I cleared my throat. When they looked at me, I shook my head. "Yeah, no. We saw what happened when you faced him in your own fuckin' throne room with Cerb backing you up." The Lord of the Underworld bristled, but before he could pop off, I shook my head again, and in a much softer tone, said, "it's not a bad thing. You're a good guy. You take care of the Souls of the dead, you watch over them, you do your best to take care of your wife. You're not a fighter. You're not a killer." I might have whispered the next too quietly for the royal couple to hear. "Not like me."
Not quiet enough for Thanatos to miss it. "Nor like me, Lord." When Hades shot him an arch look, Thanatos shrugged. "You could simply overpower me, true. I've sworn myself to your service, and I am but Lord of Psychopomps, while you are Lord of the Underworld. But it is as she says, Lord. You are not a fighter. Not a brute."
I snorted. "Thanks, bro." He looked at me. "Calling me a brute? Seriously, you've got the sibling teasing thing down already."
"No, Sister Tabitha, I only meant..."
I pulled him into a side hug. "I know what you meant, big guy." I turned to Hades. "He's right, though. If Poseidon came up against him, I think Thanatos here would at least leave his sword buried up the Earthshaker's ass. He sure as fuck would leave some marks."
"You think I did not?"
I shrugged. "Maybe you did. You're strong. Really strong. But here's the thing; he's stronger, and where you saw him as your brother? He absolutely saw you as an obstacle to whatever fucked up shit he wanted to do. Nothing more."
"So. What do we do?"
"Where is he?"
Hades shrugged. "I've been unable to ascertain his location. Of course, all that means is that he's nowhere in any Underworld"
"No, husband." We all turned to Persephone. "He is not under the sky, either, nor anywhere plants grow." She shrugged. "I asked mother while you were looking."
"I didn't realize you'd gone. I'm sorry, beloved."
She laughed and shook her head. "You are King of the Underworld, the least I can do is be your Queen." She turned to me. "Of course, that leaves only the seas."
"Deep ones." At her puzzled look, I explained. "Shallow seas have plants in them."
"But..."
II shook my head. "Nope. Deeper spots have algae, which aren't exactly plants. I don't think so anyway." Who knew I should have paid more attention in biology class. Sure as shit didn't realize I'd need that shit now. "Anyway, that gives me a little better idea where to look, anyway."
"We shall continue to search for him," Thanatos intoned, going into a Lancaster-worthy rod posture.
"Yeah, okay, but if you find him, do not engage. Come get me."
"But..." I'm not sure which of them said it, but I reached out and hugged them all to me.

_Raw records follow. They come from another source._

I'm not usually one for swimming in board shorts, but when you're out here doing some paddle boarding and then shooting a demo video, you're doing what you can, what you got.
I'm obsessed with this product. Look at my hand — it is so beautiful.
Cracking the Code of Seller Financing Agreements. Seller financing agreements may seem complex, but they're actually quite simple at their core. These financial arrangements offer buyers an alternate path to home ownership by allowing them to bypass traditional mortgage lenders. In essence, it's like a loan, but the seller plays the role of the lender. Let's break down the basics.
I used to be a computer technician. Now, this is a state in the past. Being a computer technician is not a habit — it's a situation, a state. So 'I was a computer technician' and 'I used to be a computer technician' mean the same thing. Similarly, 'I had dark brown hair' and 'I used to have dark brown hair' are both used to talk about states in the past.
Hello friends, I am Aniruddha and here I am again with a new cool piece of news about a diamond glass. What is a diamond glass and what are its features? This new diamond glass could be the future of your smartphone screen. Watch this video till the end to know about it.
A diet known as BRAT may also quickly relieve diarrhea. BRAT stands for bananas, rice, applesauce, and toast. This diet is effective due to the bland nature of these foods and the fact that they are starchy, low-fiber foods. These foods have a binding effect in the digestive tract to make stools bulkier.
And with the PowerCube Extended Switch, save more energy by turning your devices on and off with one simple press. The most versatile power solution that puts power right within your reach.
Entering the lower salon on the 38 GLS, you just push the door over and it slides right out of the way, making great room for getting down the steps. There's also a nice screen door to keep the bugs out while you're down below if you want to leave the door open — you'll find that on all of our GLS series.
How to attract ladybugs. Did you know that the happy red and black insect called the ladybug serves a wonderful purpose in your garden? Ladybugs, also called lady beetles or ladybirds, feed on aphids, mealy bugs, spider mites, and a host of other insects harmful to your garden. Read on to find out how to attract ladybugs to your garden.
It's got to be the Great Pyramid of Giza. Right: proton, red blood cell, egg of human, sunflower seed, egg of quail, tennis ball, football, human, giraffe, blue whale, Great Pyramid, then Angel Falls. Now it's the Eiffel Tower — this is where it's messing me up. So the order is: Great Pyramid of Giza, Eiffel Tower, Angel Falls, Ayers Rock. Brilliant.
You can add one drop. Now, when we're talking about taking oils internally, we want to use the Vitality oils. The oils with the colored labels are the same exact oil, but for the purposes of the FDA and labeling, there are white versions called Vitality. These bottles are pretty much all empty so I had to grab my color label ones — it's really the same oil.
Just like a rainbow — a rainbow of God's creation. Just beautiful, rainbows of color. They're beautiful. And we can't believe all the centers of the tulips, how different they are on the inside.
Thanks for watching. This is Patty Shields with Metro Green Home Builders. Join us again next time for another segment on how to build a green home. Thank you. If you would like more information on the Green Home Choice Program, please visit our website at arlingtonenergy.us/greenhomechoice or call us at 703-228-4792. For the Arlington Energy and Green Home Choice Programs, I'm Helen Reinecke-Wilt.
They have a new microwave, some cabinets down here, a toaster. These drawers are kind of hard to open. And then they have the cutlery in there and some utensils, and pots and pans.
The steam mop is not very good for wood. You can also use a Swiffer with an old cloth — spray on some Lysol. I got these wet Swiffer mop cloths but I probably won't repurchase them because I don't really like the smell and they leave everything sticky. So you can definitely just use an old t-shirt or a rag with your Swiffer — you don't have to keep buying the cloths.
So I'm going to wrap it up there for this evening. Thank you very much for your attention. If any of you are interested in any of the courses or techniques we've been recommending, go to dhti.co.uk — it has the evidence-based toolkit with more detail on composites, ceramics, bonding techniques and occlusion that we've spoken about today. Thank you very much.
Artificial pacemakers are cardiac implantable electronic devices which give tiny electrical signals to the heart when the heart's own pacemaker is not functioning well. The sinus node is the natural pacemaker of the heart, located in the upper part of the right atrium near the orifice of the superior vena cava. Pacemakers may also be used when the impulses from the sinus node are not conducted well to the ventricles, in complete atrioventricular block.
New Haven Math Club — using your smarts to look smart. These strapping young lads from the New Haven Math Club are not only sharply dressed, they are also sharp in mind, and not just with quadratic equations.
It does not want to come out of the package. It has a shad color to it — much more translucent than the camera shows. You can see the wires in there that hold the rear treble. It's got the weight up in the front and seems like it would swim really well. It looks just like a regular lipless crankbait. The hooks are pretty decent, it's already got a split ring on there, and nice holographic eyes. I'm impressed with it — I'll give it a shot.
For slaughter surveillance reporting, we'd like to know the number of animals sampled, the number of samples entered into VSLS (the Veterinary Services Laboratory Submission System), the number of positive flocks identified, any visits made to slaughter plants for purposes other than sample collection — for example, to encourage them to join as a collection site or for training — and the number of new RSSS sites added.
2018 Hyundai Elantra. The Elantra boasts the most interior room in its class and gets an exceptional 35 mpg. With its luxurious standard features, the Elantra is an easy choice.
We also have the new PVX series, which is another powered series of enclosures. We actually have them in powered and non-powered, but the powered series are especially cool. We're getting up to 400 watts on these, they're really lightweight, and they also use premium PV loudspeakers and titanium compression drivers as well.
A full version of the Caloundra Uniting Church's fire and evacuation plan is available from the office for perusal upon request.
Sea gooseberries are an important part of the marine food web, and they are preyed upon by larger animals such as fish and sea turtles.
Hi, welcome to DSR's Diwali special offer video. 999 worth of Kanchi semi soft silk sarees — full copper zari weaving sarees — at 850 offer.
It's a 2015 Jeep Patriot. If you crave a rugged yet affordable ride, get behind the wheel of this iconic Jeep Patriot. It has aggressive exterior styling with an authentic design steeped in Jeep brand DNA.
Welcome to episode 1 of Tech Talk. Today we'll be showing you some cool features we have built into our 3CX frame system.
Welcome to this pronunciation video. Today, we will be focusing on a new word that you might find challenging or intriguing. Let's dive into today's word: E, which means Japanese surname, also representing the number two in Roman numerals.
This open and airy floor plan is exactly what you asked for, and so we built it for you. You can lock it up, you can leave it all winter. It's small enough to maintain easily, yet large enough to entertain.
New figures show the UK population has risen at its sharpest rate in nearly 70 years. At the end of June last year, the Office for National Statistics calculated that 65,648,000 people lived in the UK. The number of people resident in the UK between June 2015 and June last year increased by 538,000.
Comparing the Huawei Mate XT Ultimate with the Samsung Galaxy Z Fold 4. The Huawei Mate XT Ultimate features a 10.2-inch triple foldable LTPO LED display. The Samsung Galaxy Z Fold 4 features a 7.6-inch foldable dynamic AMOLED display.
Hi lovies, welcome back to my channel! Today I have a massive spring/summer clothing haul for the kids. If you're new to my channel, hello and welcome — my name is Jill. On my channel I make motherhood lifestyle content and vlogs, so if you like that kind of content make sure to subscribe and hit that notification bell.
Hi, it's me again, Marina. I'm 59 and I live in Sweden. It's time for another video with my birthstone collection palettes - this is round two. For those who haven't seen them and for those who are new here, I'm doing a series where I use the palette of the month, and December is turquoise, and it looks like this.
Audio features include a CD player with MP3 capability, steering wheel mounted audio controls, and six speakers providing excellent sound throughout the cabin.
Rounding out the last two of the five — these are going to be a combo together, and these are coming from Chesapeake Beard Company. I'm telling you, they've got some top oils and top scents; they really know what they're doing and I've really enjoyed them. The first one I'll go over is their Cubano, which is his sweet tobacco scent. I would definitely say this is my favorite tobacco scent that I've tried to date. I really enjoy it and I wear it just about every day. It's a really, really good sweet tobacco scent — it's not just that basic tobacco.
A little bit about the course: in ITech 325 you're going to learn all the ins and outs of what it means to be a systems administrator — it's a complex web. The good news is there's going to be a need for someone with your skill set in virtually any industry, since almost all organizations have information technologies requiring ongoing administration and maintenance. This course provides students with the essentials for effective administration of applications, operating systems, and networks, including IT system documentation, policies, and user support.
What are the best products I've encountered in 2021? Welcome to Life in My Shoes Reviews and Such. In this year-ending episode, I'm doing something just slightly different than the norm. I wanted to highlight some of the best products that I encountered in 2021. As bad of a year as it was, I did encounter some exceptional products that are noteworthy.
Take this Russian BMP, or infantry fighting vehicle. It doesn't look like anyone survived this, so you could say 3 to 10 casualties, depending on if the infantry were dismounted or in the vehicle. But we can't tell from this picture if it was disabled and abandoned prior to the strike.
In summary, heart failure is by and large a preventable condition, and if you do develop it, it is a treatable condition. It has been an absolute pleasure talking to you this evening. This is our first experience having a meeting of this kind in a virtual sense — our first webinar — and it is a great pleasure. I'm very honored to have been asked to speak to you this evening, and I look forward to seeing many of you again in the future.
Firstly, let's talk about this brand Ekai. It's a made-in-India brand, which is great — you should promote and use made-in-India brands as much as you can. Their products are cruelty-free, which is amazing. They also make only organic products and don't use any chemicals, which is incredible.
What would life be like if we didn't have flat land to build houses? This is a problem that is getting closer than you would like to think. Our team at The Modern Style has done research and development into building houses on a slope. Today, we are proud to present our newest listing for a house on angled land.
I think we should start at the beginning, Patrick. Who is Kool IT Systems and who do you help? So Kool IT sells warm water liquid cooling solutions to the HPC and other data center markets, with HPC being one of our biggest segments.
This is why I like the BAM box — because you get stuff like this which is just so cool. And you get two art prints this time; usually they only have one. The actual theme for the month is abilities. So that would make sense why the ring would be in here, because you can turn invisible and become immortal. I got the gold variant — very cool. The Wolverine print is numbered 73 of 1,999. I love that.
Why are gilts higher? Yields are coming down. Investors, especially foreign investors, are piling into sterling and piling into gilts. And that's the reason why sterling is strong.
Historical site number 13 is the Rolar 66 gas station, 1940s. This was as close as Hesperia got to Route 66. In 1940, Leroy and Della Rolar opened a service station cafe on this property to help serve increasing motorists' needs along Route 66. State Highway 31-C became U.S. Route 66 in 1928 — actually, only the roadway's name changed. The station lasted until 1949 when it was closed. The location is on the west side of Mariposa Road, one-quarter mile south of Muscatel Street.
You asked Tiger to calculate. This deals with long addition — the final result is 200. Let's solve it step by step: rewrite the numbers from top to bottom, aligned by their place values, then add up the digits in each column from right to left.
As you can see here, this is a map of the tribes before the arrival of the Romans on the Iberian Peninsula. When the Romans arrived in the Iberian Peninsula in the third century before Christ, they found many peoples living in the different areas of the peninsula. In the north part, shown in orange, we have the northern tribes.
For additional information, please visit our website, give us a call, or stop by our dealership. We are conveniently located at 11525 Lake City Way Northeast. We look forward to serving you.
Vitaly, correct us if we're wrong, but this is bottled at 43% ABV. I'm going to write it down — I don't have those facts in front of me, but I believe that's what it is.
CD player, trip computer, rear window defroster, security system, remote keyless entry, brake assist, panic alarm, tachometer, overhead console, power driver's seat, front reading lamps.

With tentacles, with arms, not hurting, not harming, but pulling even Hades to me and hugging them as tightly and as gently as I'd hug my own kits.
"No. There are a couple people I think might be able to take him in the open ocean. But you guys? I like you guys, but you guys are not on that list. And you guys are on the list of people I want to spend more time with when there's not so much awful shit going down. Okay?" When they made grumbly noises, I gave them a quick squeeze. "C'mon guys. I respect you, you're good people, but this is not the fight you should be picking."
I'm still kind of an idiot. I had to let them loose enough to breath before they could all agree to let me deal with the Earthshaker when we found him.